A wide public with various levels of technical background would like
to know what it was that Einstein did in his physics. Over the
course of 2005, we had dozens of books about Einstein and
relativity. Just out are new ones by two of our most engaging
physicist-writers, Jeremy Bernstein and N. David Mermin. Bound by a
common interest in relativity (in the works reviewed here, mainly
special relativity), they have aimed their books at different
audiences. Both are excellent—for very different reasons.
Before continuing, I should confess that I think most
popularizations of science actually do more harm than good. Why?
Because in my view the single most important feature of scientific
work is not this or that specific result. Instead, what physics in
particular does so beautifully—and what science more generally
accomplishes—is the linking of diverse phenomena, the binding
together of a myriad of predictions and explanations.
What nearly all popularizations do is systematically undermine the
progressive reasoning that links principles, conventions,
experiments and laws. Bad science writing splinters the most
interesting feature of science, its long run of connected
argumentation, into isolated metaphors that last just long enough to
evoke a particular result. Black holes are said to be like huge
funnels; quantum electron orbits, to resemble diffuse clouds. This
problem of shattered connectedness is bad enough. Adding to the
difficulty is that many science writers (or scientists writing for
the broad public) feel caught: Either insert a new metaphor or two
per sentence, or introduce a mathematical apparatus that loses the
vast majority of the audience from the first page.
Is there any passage between these twin dangers? There are at least
two, but both are formidably difficult to navigate. One way to
proceed is to find a felicitous metaphor and stick with
it—using the conceit to display the interconnectedness of the
phenomena that at first glance appear scattered within a scientific
domain. The best popular physics book written in the last half
century, in my view, is of this kind—Richard Feynman's
QED: The Strange Theory of Light and Matter, which has
an absolute minimum of mathematics and a single guiding image.

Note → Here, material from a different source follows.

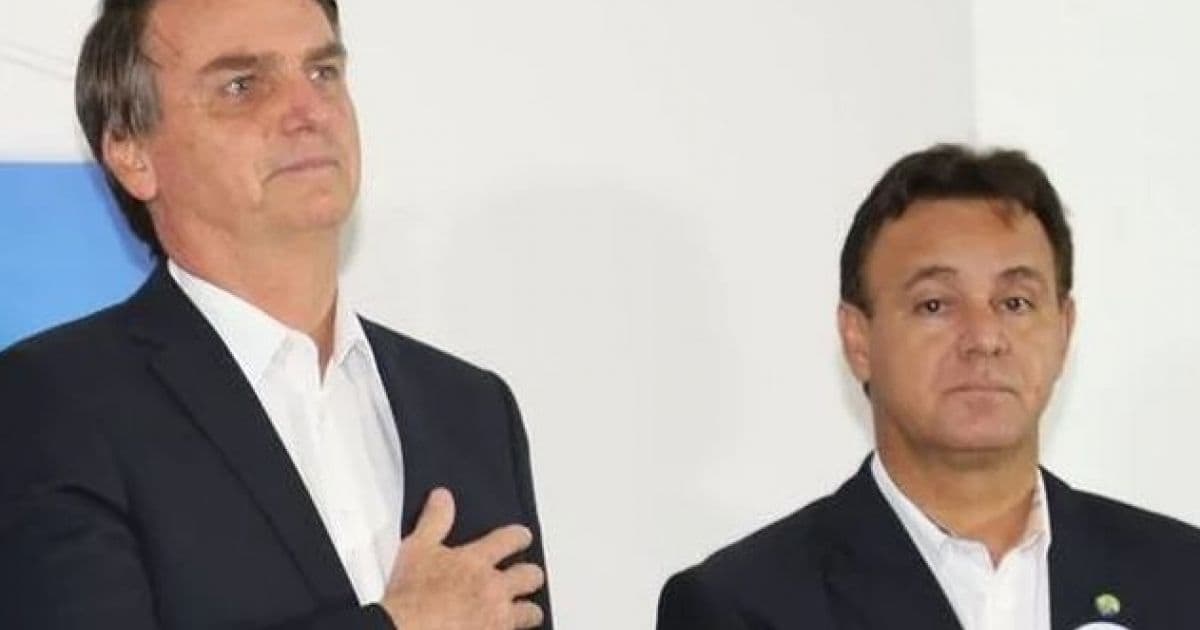 Ida de Bolsonaro para o Patriota pode 'engordar' legenda na Câmara 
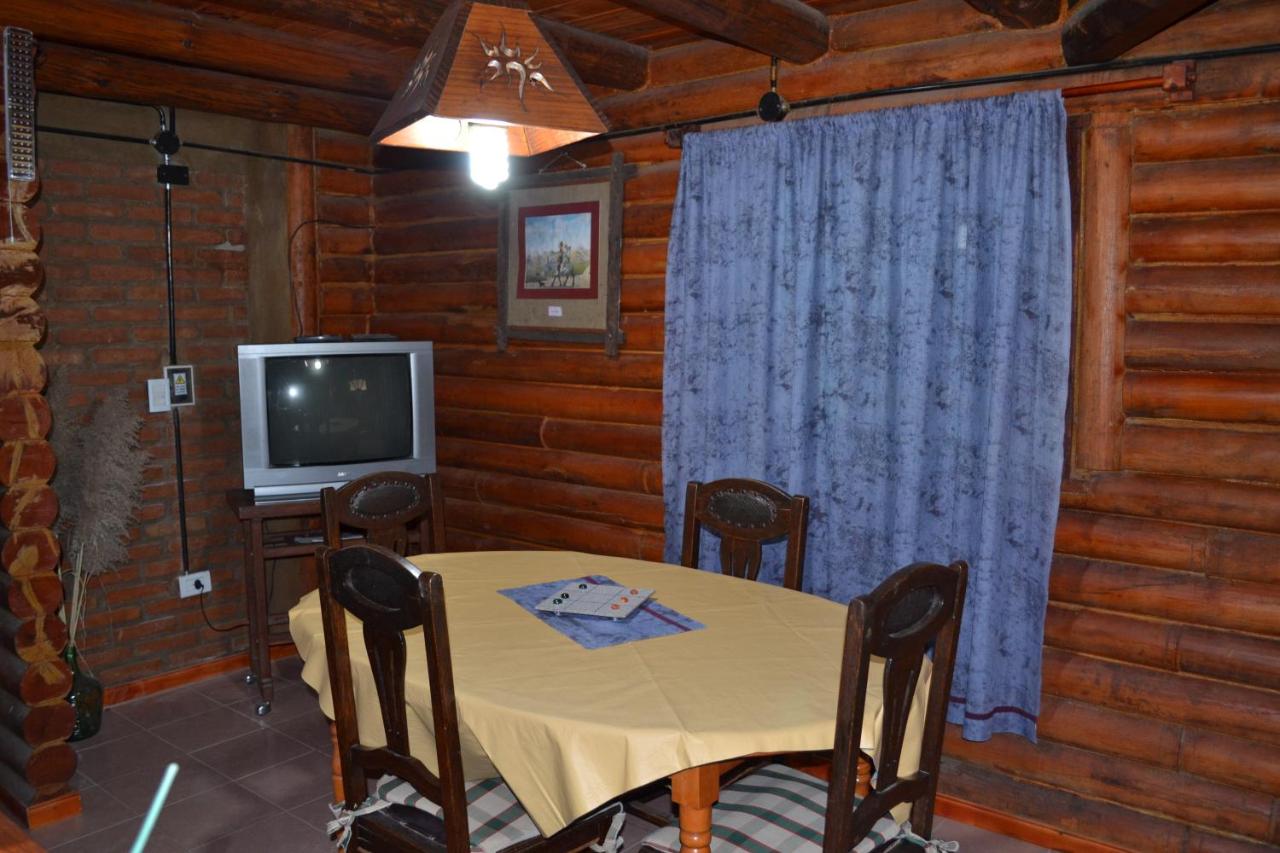 One-Bedroom Bungalow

Feynman is nonetheless able to lead the reader through the
connections between reflection, refraction and a dozen more
complex physical phenomena. On my short list of other really good
popular science books that actually let you follow reasoning from
one sector of the world to another are Steven Weinberg's 1977 book
The First Three Minutes and Brian Greene's much more
recent The Elegant Universe (1999). Such ventures
(and the list beyond these is not very long) give up the
disconnected-metaphor approach and so require real concentration to
read. It is not accidental but instead exactly the point of a good
systematic popularization of physics that one cannot just
dip in and read sections in an arbitrary order.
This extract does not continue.